§ Problem to work on
Below are some records. Return exactly the lines from the one containing "Villa in Selva, Mallorca Inselmitte für 8" through the one containing "Bán nhà đất", both included, and only those.

___ Information shown ___

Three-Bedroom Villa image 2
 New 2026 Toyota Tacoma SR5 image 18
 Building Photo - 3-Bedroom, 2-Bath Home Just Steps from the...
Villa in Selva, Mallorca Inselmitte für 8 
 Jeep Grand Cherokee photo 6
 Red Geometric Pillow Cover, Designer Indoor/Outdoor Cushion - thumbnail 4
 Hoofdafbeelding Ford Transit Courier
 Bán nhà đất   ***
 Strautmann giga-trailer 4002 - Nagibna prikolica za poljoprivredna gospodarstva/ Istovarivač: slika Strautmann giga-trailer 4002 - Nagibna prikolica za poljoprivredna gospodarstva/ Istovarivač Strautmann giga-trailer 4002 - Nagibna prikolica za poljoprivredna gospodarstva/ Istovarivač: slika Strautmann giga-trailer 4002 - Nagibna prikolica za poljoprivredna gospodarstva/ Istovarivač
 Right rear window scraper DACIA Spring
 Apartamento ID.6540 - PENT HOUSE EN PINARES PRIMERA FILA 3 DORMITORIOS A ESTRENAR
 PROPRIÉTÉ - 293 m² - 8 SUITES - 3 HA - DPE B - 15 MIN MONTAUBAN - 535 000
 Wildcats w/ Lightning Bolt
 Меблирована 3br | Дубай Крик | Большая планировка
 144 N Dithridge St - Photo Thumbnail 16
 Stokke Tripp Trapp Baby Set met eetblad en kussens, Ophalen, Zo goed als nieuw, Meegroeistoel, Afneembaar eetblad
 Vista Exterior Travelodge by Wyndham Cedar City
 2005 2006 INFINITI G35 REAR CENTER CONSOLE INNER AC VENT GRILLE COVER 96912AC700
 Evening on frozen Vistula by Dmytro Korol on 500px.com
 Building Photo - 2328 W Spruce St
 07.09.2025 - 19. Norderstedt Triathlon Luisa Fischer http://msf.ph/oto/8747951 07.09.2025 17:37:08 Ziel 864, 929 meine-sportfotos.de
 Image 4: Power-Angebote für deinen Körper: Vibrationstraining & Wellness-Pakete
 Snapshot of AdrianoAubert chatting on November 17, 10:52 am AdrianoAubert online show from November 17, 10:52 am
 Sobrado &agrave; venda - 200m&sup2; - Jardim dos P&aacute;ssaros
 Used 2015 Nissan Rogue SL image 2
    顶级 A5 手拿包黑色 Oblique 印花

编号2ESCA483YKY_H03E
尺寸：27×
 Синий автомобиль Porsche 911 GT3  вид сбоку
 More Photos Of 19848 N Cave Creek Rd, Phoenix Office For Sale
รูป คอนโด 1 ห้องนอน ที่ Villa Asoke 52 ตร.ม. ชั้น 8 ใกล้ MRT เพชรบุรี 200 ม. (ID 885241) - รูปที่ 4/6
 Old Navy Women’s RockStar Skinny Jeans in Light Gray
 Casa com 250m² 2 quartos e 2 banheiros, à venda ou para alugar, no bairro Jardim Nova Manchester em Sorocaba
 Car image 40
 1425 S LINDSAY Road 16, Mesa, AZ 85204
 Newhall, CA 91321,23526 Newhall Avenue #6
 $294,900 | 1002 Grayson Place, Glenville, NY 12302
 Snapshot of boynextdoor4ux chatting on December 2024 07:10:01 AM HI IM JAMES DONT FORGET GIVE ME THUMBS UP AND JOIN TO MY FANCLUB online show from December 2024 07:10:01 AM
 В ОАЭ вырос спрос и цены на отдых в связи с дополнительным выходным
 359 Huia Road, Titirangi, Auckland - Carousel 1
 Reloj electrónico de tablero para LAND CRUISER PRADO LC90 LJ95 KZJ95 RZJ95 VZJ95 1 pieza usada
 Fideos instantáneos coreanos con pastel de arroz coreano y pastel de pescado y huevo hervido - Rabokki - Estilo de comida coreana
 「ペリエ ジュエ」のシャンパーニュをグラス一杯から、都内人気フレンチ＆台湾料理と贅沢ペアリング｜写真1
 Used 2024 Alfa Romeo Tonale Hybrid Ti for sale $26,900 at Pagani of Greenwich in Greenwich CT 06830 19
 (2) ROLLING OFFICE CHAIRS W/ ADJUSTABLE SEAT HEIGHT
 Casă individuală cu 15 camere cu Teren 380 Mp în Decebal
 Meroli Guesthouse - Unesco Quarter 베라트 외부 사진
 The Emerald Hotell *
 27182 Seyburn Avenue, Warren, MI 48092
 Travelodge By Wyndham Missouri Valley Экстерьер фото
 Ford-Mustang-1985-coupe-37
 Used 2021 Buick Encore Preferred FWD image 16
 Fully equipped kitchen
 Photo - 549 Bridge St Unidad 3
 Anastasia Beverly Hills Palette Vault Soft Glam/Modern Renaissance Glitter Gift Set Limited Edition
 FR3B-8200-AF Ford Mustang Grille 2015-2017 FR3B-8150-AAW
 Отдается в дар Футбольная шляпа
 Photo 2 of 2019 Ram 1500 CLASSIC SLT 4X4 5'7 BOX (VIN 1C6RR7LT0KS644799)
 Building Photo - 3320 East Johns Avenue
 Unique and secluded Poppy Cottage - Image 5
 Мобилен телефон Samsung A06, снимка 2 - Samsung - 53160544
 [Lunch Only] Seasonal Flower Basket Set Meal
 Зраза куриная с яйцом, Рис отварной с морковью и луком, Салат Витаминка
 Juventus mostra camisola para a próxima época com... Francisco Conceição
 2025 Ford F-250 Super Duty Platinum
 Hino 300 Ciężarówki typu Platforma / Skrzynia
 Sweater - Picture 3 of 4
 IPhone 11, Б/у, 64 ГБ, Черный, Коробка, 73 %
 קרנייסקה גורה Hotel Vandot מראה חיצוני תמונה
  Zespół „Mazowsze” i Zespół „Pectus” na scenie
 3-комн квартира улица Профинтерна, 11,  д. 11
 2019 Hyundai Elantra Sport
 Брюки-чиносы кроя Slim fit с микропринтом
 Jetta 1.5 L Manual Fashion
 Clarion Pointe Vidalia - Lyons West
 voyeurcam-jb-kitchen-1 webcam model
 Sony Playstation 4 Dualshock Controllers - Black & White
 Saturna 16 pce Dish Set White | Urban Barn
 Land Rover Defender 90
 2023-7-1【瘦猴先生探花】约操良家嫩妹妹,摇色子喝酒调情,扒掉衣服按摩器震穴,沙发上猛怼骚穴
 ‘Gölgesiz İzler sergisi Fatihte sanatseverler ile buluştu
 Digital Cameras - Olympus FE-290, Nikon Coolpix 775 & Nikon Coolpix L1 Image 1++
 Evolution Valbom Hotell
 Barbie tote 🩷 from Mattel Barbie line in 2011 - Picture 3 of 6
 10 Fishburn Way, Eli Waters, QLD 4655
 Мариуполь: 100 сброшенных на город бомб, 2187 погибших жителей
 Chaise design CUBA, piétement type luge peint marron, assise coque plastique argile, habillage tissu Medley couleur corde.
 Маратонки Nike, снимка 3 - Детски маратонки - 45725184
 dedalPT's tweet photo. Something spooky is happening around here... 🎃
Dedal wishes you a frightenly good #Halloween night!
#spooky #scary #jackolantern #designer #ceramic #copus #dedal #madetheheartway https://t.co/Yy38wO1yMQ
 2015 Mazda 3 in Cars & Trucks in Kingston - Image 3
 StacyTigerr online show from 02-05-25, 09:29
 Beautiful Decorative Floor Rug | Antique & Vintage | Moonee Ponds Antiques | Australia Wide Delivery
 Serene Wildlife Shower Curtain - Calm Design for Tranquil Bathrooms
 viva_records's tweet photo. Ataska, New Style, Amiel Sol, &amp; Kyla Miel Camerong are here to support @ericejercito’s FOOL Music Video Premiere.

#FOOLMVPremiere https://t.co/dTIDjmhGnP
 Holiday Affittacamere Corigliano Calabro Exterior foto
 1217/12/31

___

§ Solved exercise
Villa in Selva, Mallorca Inselmitte für 8 
 Jeep Grand Cherokee photo 6
 Red Geometric Pillow Cover, Designer Indoor/Outdoor Cushion - thumbnail 4
 Hoofdafbeelding Ford Transit Courier
 Bán nhà đất   ***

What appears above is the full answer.